Romeinen 6

Uit Christipedia

Romeinen 6 is een hoofdstuk van De brief van Paulus aan de Romeinen, een geschrift in de Bijbel, en telt 23 verzen.

Hoofdstukken van De brief van Paulus aan de Romeinen samengevat en/of becommentarieerd: · 1 · 2 · 3 · 4 · 5 · 6 · 7 · 8 · 9 · 10 · 11 · 12 · 13 · 14 · 15 · 16
Verzen van Romeinen 6 becommentarieerd: · 1 · 2 · 3 · 4 · 5 · 6 · 7 · 8 · 9 · 10 · 11 · 12 · 13 · 14 · 15 · 16 · 17 · 18 · 19 · 21 · 22 · 23

Samenvatting

1-14 De vraag of wij in de zonde zouden blijven, opdat de genade toeneemt, beantwoordt Paulus ontkennend, met opgaaf van redenen. 15-23 Ook de tweede vraag, of wij zouden zondigen, omdat wij niet onder wet, maar onder genade zijn, beantwoordt hij ontkennend, met redenen omkleed.  

1

1 Wat zullen wij dan zeggen? Zouden wij in de zonde blijven, opdat de genade toeneemt? (Telos) 

In de zonde blijven. Blijven zondigen, 'in de zonde leven' (vers 2).

2

2 Volstrekt niet! Hoe zouden wij, die ten opzichte van de zonde gestorven zijn, nog daarin leven?(Telos) 

Ten opzichte van de zonde gestorven. Doordat wij verenigd zijn met Christus in zijn sterven en dood. Hij is gestorven, wij zijn met Hem gestorven.

3

3 Of weet u niet, dat wij allen die tot Christus Jezus gedoopt zijn, tot zijn dood gedoopt zijn? (Telos) 

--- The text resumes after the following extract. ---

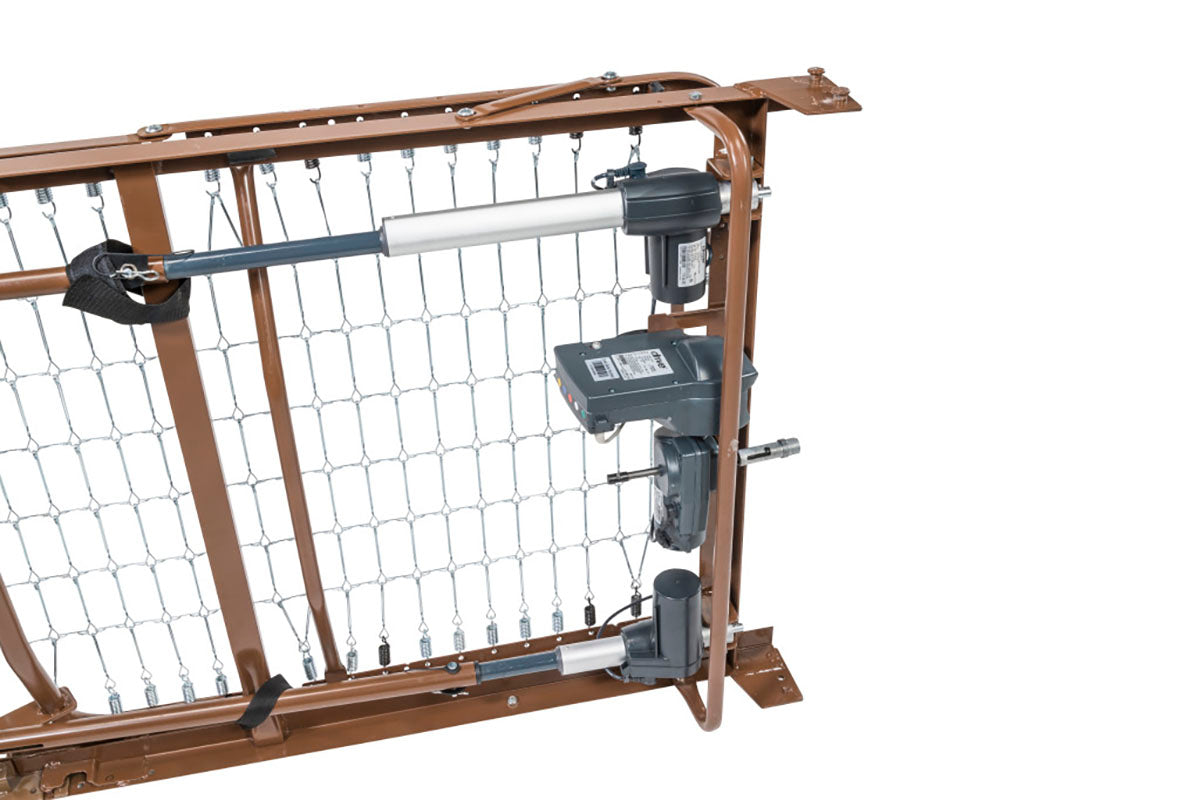 Drive, Full Electric Low Height Bed, Half Rails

De doop (door onderdompeling) symboliseert (onder meer) een begrafenis (vers 4). Wij zijn met Hem gestorven en begraven, "met hem één geworden in de gelijkheid van zijn dood" (vers 5). Het woordje "tot" duidt aan dat wij tot Hem zijn gebracht en met Hem verenigd zijn geworden; wij zijn met Hem verbonden, wij staan aan Zijn kant.

4

4 Wij zijn dan met Hem begraven door de doop tot de dood, opdat, zoals Christus uit de doden is opgewekt door de heerlijkheid van de Vader, zo ook wij in nieuwheid van leven zouden wandelen. (Telos) 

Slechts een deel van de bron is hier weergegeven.